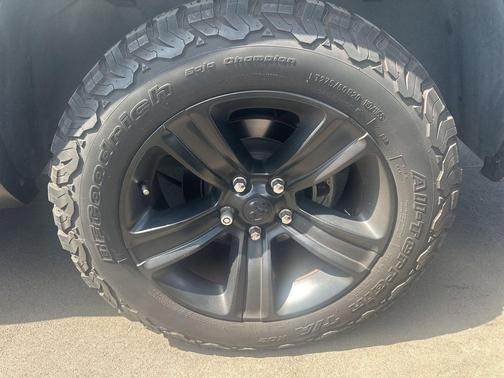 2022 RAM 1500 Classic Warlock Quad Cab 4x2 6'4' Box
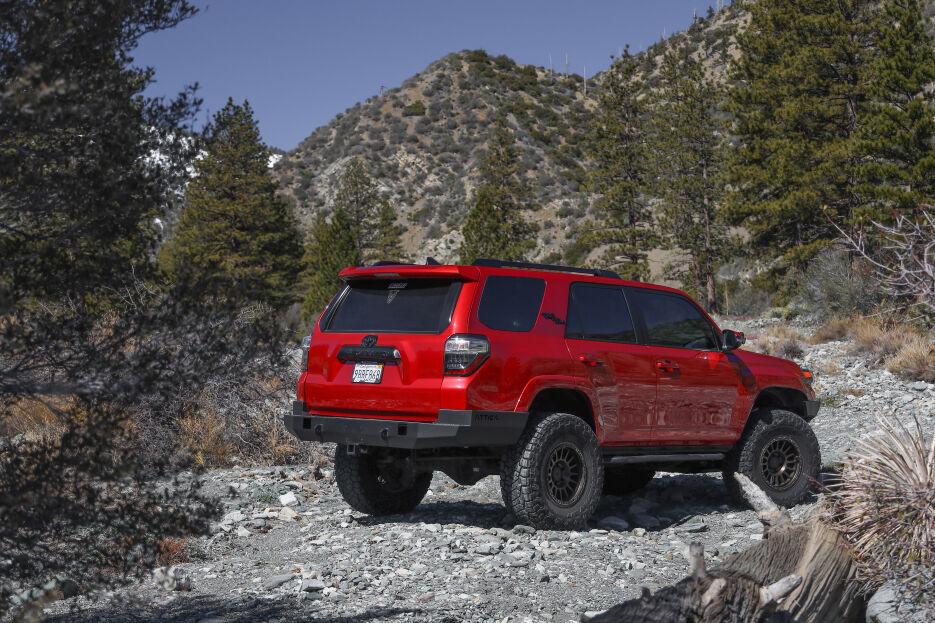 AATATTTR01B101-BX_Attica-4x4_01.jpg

==

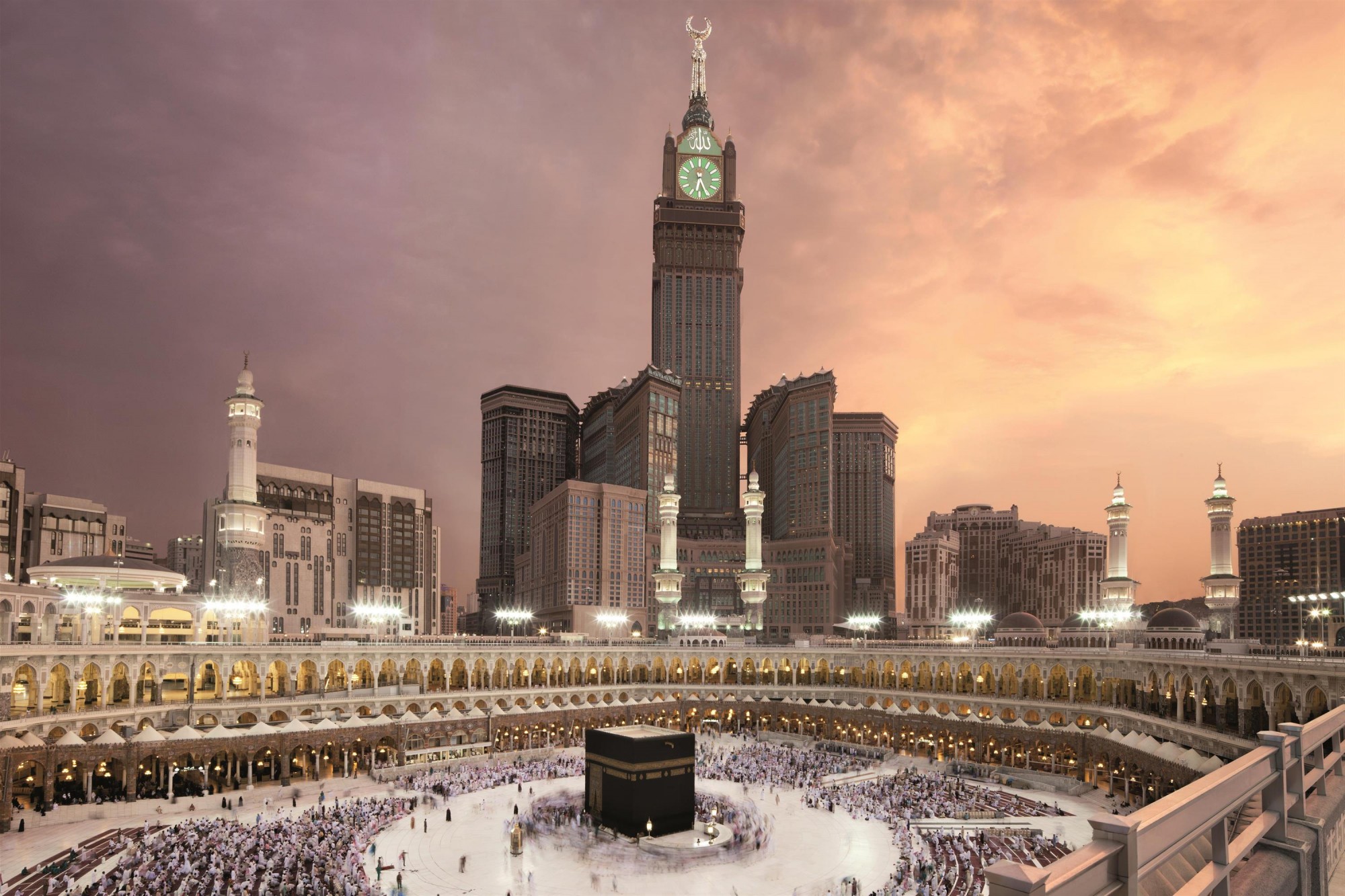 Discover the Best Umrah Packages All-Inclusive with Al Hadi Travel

** TASK STATEMENT **
Copy needed, without pictures: the lines of the listing above from the line containing "2022 RAM 1500" up to and including the line containing "AATATTTR01B101-BX_Attica-4x4_01.jpg", set down exactly.

** COMPLETED EXERCISE **
 2022 RAM 1500 Classic Warlock Quad Cab 4x2 6'4' Box
 AATATTTR01B101-BX_Attica-4x4_01.jpg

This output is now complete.